Adrift, at sea; in water higher than my chin, I'd
break down because I never learned to swim.
Call me a wimp, but I get itchy looking at caterpillars;
don't think it's OK to be tattooed in hives.
Every time I think about dying, I pray: immediate and
fast, please— not drawn out over months, years even.
Get me the equivalent of a Concorde, London to New York; or
half the time for sound to travel through a medium.
Incomprehensible, but some have been impaled by falling icicles.
Jealousy's pinch, preceding fatal complication.
Lightning victim, hair on fire beside a gutted tree.
Midway through a trip, falling off a cliff from
nonsense ideas for selfies. (Stand in front of a train?
Or have a freak accident, slipping and falling on
pans of upturned knives in an open dishwasher?)

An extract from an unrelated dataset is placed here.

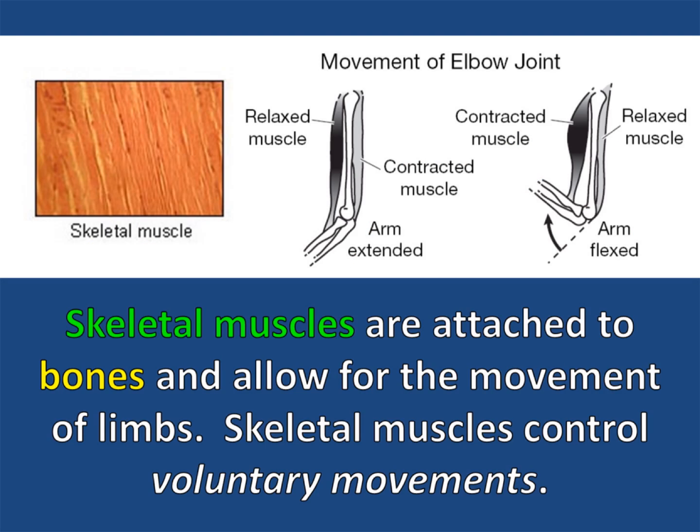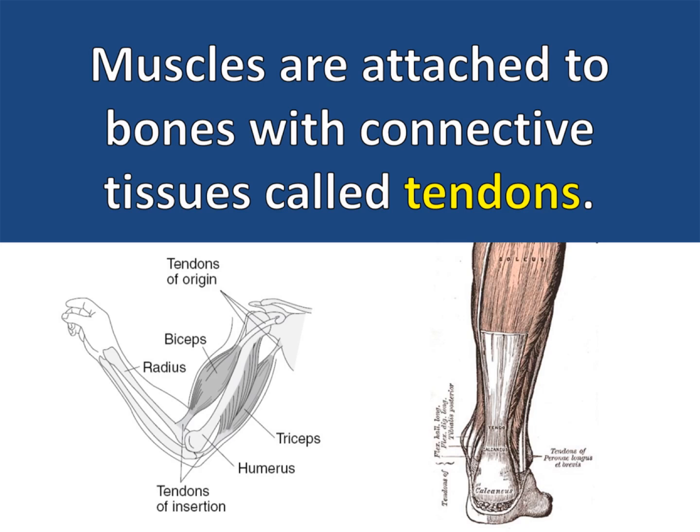Skeletal muscles are attached to bones and allow for the movement of limbs. Skeletal muscles control voluntary movements. This means that you actually think about running or jumping or picking something up off your desk. Muscles are attached to bones with connective tissues called tendons.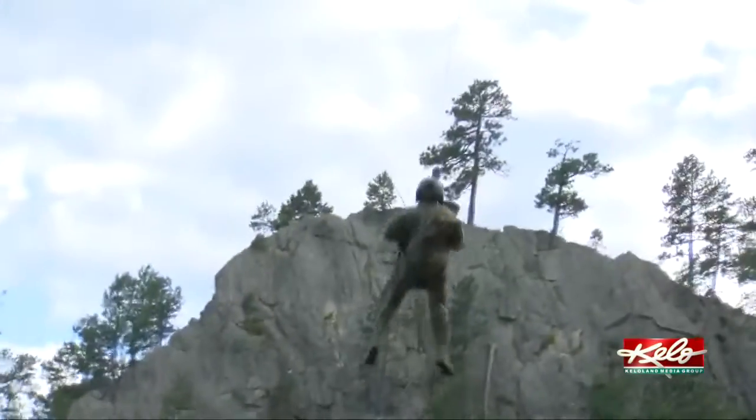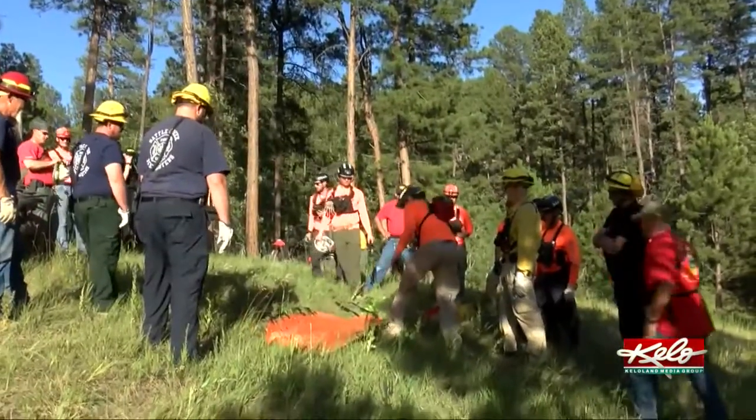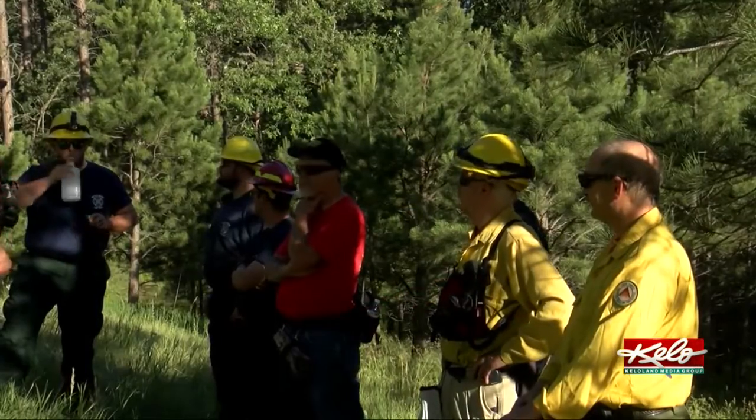So a lot of work and effort goes into these backcountry rescues. It's hard work, but trainings like these help emergency responders better serve their communities and save lives. In the Black Hills, Sydney Thorson, KELOLAND News. The Rockerville Fire Department says it performs hoist rescue training at least once a year.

Quietly napping on the couch, then have a meteorite
slam through the roof and hit you. All manner of
turbulence breaking open in our lives,
undoing our sense of safety. I'd rather not be choked by
vines or swallowed whole by a reticulated python,
walloped then skewered by a swordfish. I'd rather not be
xenophobically targeted, nor sucked into the
yaw of a meat grinder. I'd rather not choke on a mouthful of
zabaglione, its custardy froth laced with Marsala.